Example: A fire breaks out in an airport terminal. The detection system senses the fire at once and the evacuation signs automatically start to flash. The public address system asks all travellers to leave the terminal via the evacuation routes. However, not all the evacuation signs flash green. Instead, some have a flashing red cross at the top. This is because the fire detection system has registered that the fire has broken out near two of the evacuation routes. And so, to divert the public away from the risk zone, the signs above these evacuation routes flash with a red cross.

Another example: A shopping centre is attacked by armed terrorists. Using fire detection systems, dynamic signage, public address warnings, evacuation simulation programs and video cameras, the shopping centre’s safety officers are able to guide customers and other civilians away from the terrorists and out of the centre, without running into the terrorists’ guns.

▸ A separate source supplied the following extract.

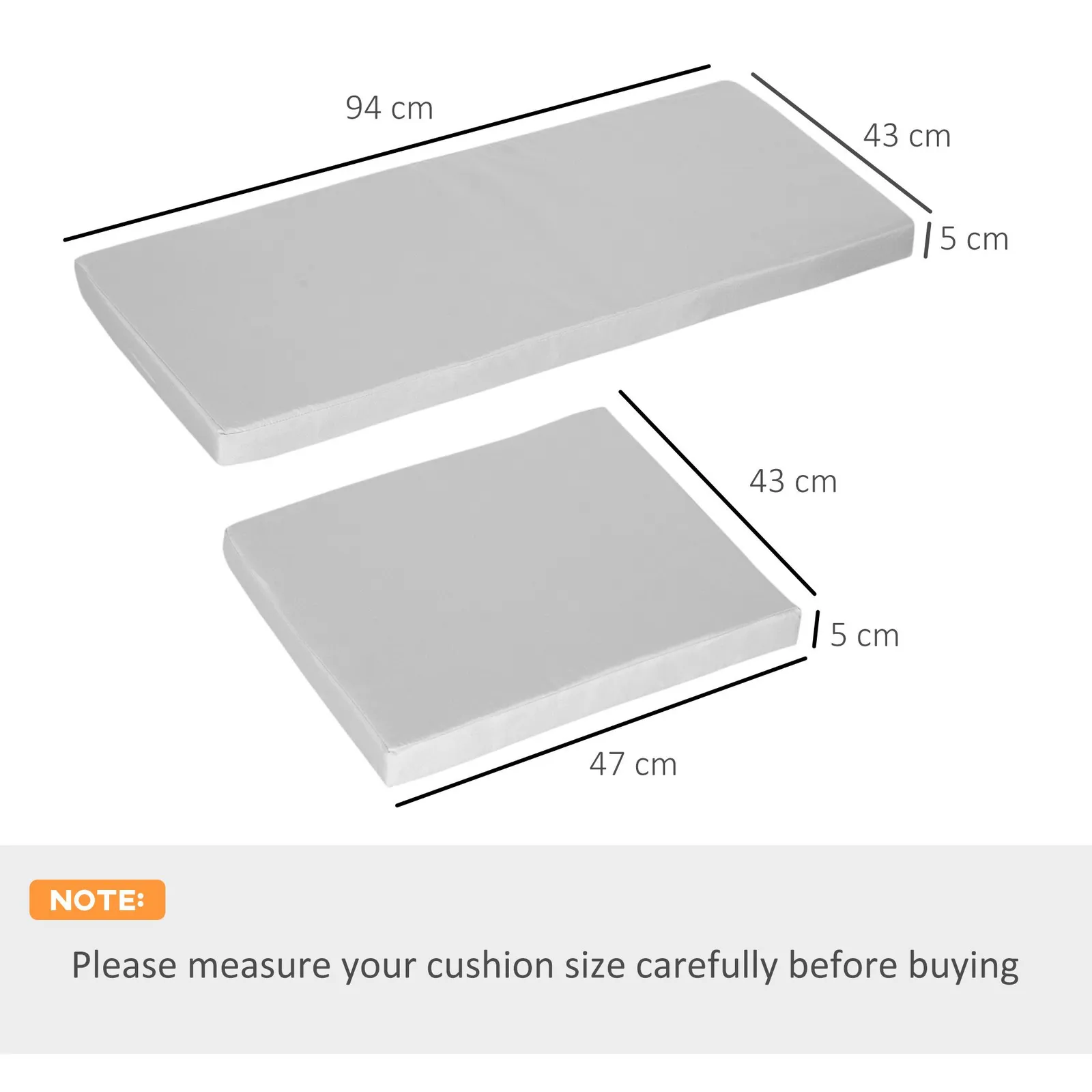 OUTSUNNY 3PCs Rattan Garden Seat Cushions Pads for Patio Furniture in Grey 3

Flashing signs tell you to choose a different route
These are imaginary examples, but could easily become reality if the various fire fighting systems were linked together. This is something currently being researched in other countries, for instance in EU-financed projects. These have investigated the effect on evacuation of dynamic evacuation signs – in other words, where the signs flash when the alarm goes off, with a red cross over them if the public needs to choose a different route.

– Experiments show that the public will evacuate more quickly than usual with the dynamic signs, says Lise Olesen, a fire safety consultant at the Danish Institute of Fire and Security Technology (DBI). She continues:

– This isn’t a technology we have seen much of in Denmark. But it could easily be of benefit for evacuating airports or conference halls, where many people are gathered together and are unfamiliar with the escape routes. The same goes for night clubs, where it can be difficult to find your way out and where it is hard to attract people’s attention.

Both the above examples would be possible if the technology was fully implemented and all systems were able to communicate. But complete linkage of all systems is unnecessary for achieving quicker and better evacuation. If just the fire safety systems and the lighting on the evacuation routes lighting can communicate, so that signs will flash when the alarm goes off, this can have a positive effect.

Bringing down response time
Many people don’t notice evacuation signs. Even if we are familiar with the green signs with the stylised icon of a man running towards a door, few people notice them in daily life. We become blind to them – even, unfortunately, when disaster strikes.

– The majority of people will try to escape the same way they came in, without much noticing what the signs say. But if the signs are actually flashing, they attract our attention, and this can lead both to quicker evacuation and less congestion at the main entrance, where most people will typically try to exit, Olesen says.

The flashing sign can also help to bring down the response time – which means the time from when the alarm goes off to when the public start to evacuate the building. Sometimes this can take a considerable period of time.

– When the alarm goes off, there are a number of factors which affect how long people take before they react. Humans are herd animals, so first of all we look to see how other people are reacting. And if you’ve just been served with a steak, you’ll prefer to sit and finish it. After that, you’ll need to find your jacket, your children, your friends or go to the toilet. That is why the response time is the big unknown in an evacuation situation, and dynamic signage can bring down that time, Olesen maintains.

The technology is out there
In rapidly developing fires, every minute counts, so the effect of linking systems and using dynamic signage can be significant.

– Every reduction in response time can potentially save life, and technology provides a number of opportunities for improving safety. This is true of both advanced and simpler solutions, Olesen explains.

It is still uncertain when or how the technology will become widespread but the possibilities are already with us.

– It’s not a question of technology, because we already have what we need to realise the simple solutions. It’s more a question of getting the different systems to cooperate, Olesen says.